“[T]he brutal violence shocked the university community, prompting calls from students and staff to improve security and lighting on campus.”
That’s the thing with diversity – it may be our strength, but it also requires us to transform all of our beloved public institutions into high security prison-like complexes for our own safety.
A former high school classmate of a Cotati teen whose body was discovered in 2016 in a shallow grave on the Sonoma State University campus was named Monday as the prime suspect in his murder.
Daniel Carrillo was 16 years old when detectives suspect he stabbed Kirk Kimberly, an 18-year-old acquaintance from Rancho Cotate High School, in a secluded, brush-covered corner of the university campus in October 2016.

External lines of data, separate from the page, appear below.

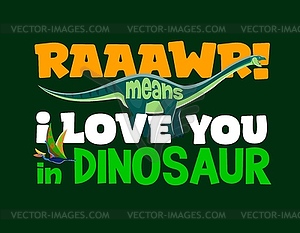 Dinosaur quote Raaawr means I love you in dinosaur - royalty-free vector image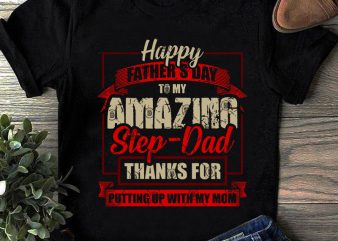 Happy Father’s Day To My Amazing Step Dad Thank For Putting Up With My Mom SVG, Father’s Day SVG, Quote SVG, Funny SVG commercial use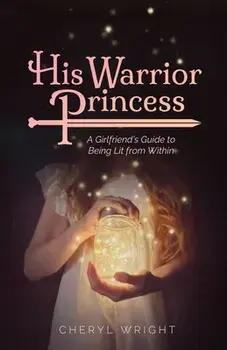 His Warrior Princess: A Girlfriend's Guide to Being Lit from Within, Paperback/Cheryl Wright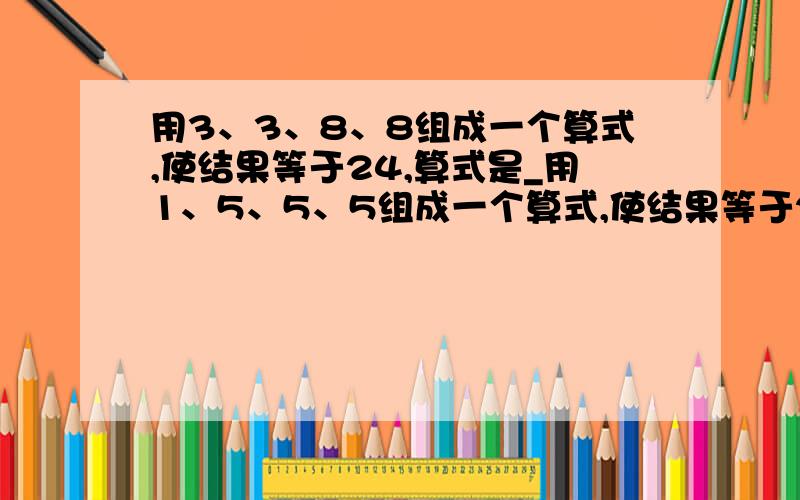 用3、3、8、8组成一个算式,使结果等于24,算式是_用1、5、5、5组成一个算式,使结果等于24,算式是_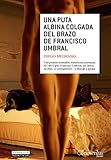  Una Puta Albina Colgada del Brazo de Francisco Umbral: (Versión sin solapas) (Narrativa)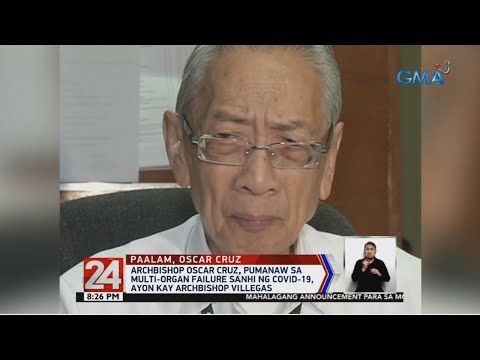 24 Oras: Archbishop Oscar Cruz, pumanaw sa multi-organ failure sanhi ng COVID-19, ayon kay...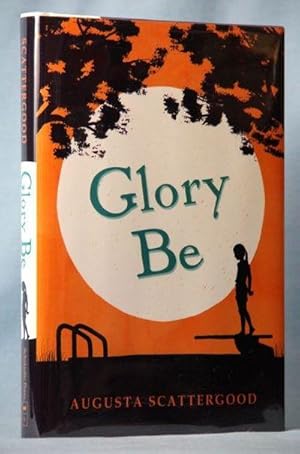 Seller image for Glory Be for sale by McInBooks, IOBA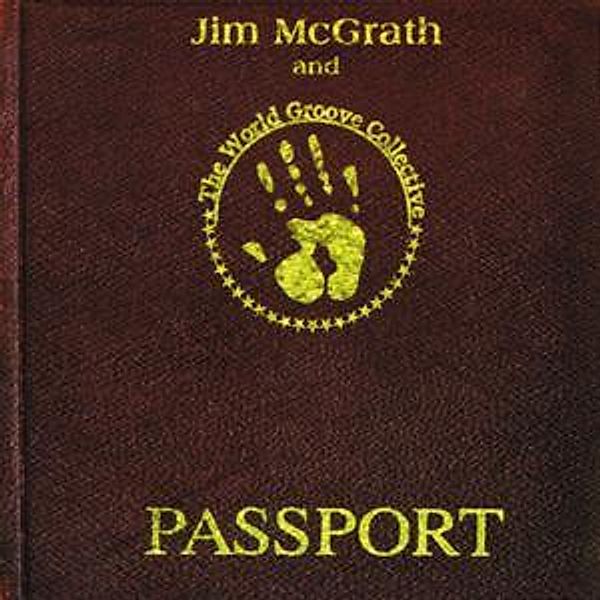 Passport, Jim & The World Groove Collective Mcgrath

Kimberly’s partly-buried body was discovered two weeks later by a campus landscaper in a remote area near the Green Music Center parking lot, known at the time to be a common party spot.
Though Kimberly wasn’t a student at SSU, the brutal violence shocked the university community, prompting calls from students and staff to improve security and lighting on campus. More than three years would go by with little information about the investigation.
The Sonoma County Sheriff’s Office announced a break in the case Monday, revealing the arrest of the 20-year-old Rohnert Park man investigators had long suspected of the killing. Detective Sgt. Jayson Fowler declined to describe a motive.
Carrillo has been incarcerated since September 2017 in an unrelated case. He was arrested on suspicion of Kimberly’s murder Feb. 28, shortly before he was to be released.
Detectives now say Carrillo was a prime suspect from the start of the investigation into Kimberly’s killing, although for more than three years they did not arrest him and remained tight-lipped about whether they had a suspect in the case or whether the killer remained at large. Fowler said they had a list of suspects and Carrillo was just one.